KULLUĞUN KIVAMI DEVAMINDADIR
İsra ve Miraç mucizesinin yıldönümünü bir kere daha idrâk ve ihya etmenin sevinç ve saadetine eren Müslümanlar, 5 Haziran 2013 Çarşamba gününü 6 Haziran Perşembeye bağlayan geceyi ibadet, taat, tilâvet-i Kur’ân, zikr-i Rahman, salavât-ı şerîfe, tövbe, istiğfar ve benzeri güzelliklerle geçirerek manen motive olmanın mutluluğunu yaşadılar.
Gün içinde gerçekleştirilen kutlama programlarına katılarak dile getirilen duygu ve düşüncelerle davranışlarını dizayn etmenin gayreti içinde oldular.
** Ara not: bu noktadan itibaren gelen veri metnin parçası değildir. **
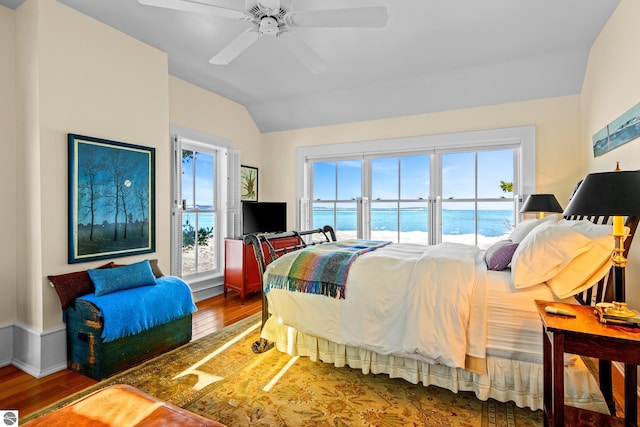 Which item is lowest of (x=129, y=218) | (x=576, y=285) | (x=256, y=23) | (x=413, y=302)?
(x=413, y=302)

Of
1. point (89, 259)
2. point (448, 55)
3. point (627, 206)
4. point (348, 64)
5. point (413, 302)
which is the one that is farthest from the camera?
point (348, 64)

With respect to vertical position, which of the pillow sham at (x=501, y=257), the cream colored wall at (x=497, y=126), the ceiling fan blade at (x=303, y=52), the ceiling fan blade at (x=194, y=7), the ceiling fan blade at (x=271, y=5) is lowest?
the pillow sham at (x=501, y=257)

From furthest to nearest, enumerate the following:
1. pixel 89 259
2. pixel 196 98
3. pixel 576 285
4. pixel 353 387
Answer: pixel 196 98, pixel 89 259, pixel 353 387, pixel 576 285

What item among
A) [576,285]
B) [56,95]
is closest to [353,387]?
[576,285]

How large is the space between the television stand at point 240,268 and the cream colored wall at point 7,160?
2.15m

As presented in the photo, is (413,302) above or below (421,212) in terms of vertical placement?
below

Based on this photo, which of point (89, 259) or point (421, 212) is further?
point (421, 212)

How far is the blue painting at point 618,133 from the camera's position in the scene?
219 centimetres

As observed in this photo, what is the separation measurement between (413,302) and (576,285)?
884 mm

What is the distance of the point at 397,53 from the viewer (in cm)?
331

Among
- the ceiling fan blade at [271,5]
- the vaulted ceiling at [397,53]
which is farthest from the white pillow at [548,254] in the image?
the ceiling fan blade at [271,5]

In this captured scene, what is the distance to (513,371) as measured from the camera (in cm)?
186

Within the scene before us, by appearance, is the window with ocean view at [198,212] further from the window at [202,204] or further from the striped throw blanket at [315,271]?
the striped throw blanket at [315,271]

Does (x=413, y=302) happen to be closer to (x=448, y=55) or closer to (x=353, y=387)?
(x=353, y=387)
Büyüklerinin mezarlarını ziyaret edip, okudukları ihlaslarla fâtihaları armağan ettiler ve ruhlarına rahmet dilediler. Yörelerindeki yoksul ve muhtaç insanlarla dar gelirli dostlarını görüp gözeterek yüzlerini güldürdüler. Yakınları ile dostlarını arayıp tebrik teâtîsinde bulundular ve kendilerini dualarına dahil etmelerini dilediler.
Kandil gecesinin ilk saatlerinde okunan mevlid-i şerîfleri hürmet ve muhabbetle dinlediler. Bilhassa Miraç bölümünü dinlerken pür dikkat olup okudukları salavât-ı şerîfeleri rûh-u Resûlullah’a yolladılar.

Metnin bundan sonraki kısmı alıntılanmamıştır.